ABOUT THIS TASK >>
In the entries below, find the line with "Bath - 20 Windemere, Grosse" and the line with "Logo-Patch Drawstring Casual"; give again those lines and every line between them, exactly.

RECORDS SUPPLIED >>
============================================================

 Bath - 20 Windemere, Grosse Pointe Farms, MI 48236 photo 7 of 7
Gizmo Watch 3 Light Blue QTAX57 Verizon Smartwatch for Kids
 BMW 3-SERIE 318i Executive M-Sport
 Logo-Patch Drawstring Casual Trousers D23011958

============================================================

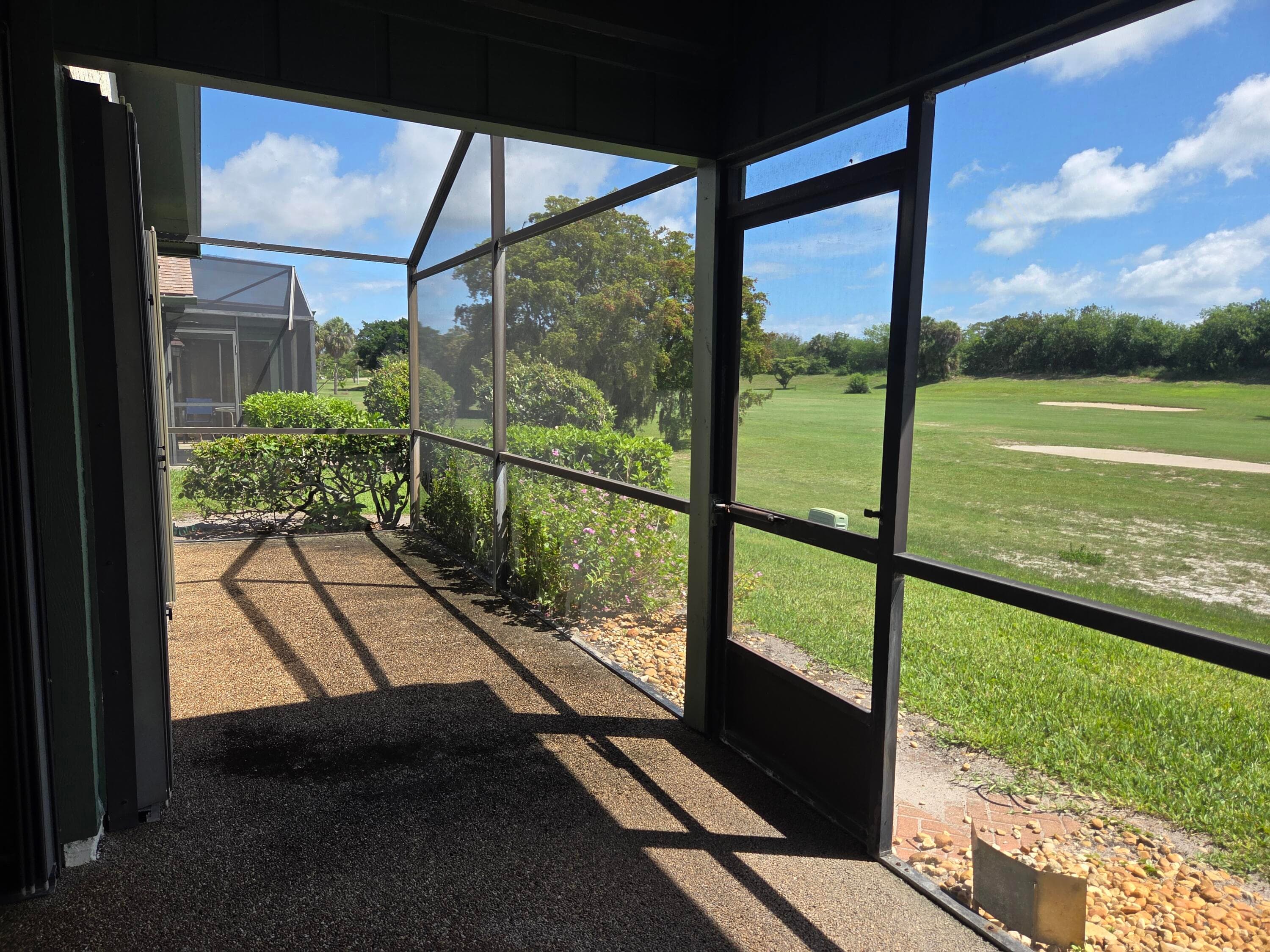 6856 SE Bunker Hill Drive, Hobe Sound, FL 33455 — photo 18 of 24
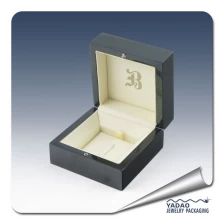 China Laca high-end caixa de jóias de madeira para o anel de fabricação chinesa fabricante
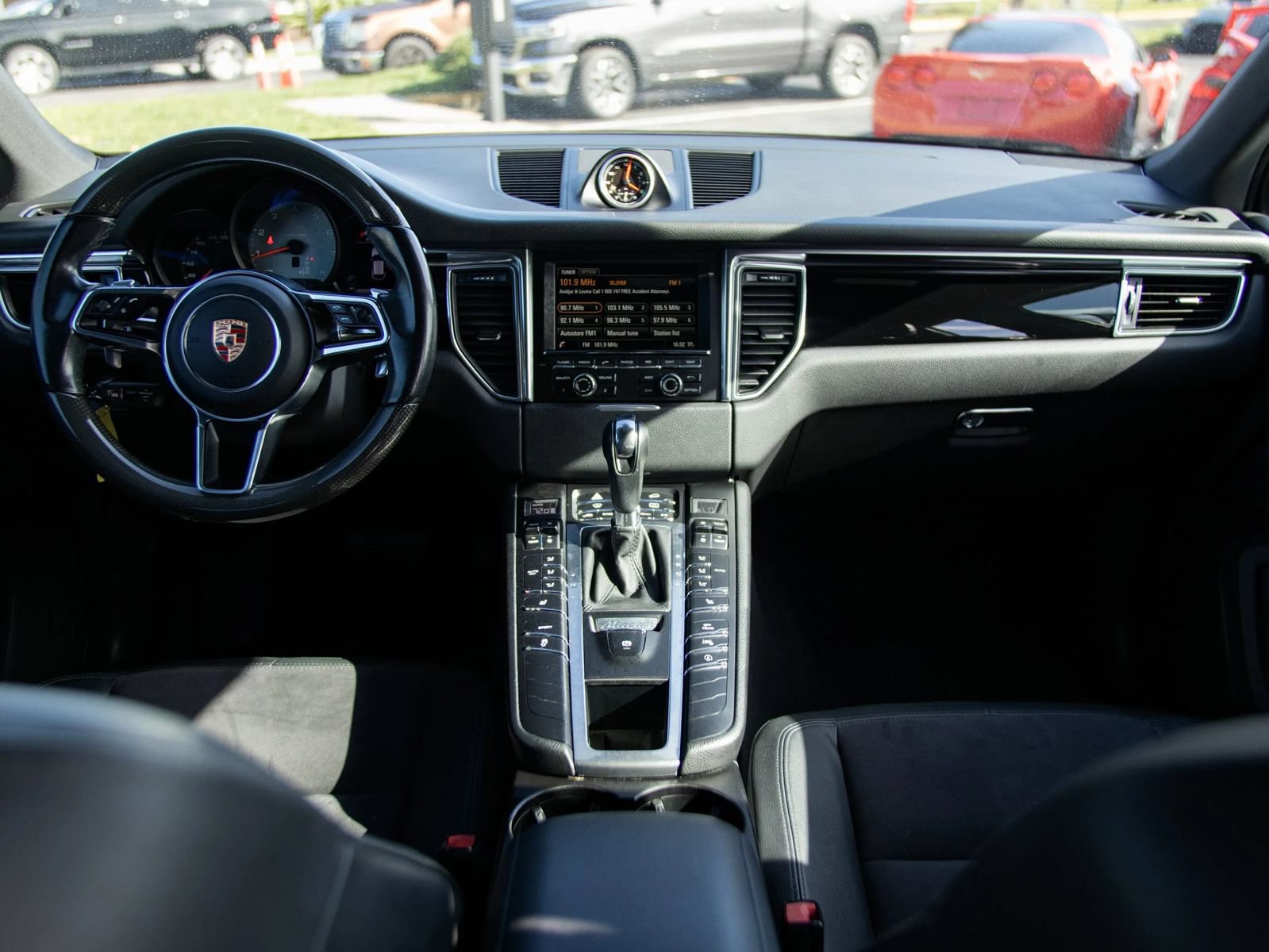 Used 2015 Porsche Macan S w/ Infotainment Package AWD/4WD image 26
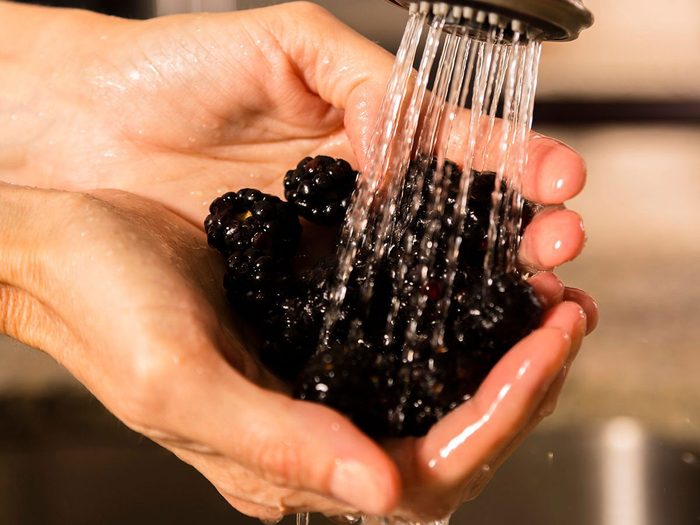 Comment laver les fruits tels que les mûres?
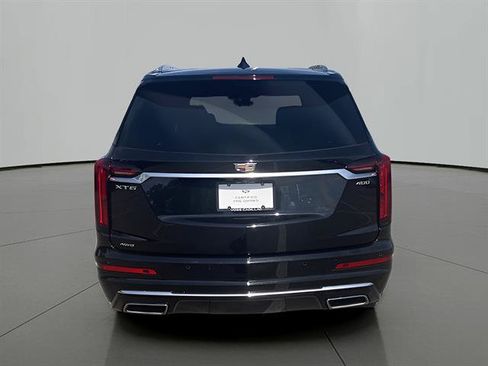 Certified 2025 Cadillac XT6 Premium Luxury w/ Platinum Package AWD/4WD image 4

============================================================

ANSWER TO THE EXERCISE >>
 Bath - 20 Windemere, Grosse Pointe Farms, MI 48236 photo 7 of 7
Gizmo Watch 3 Light Blue QTAX57 Verizon Smartwatch for Kids
 BMW 3-SERIE 318i Executive M-Sport
 Logo-Patch Drawstring Casual Trousers D23011958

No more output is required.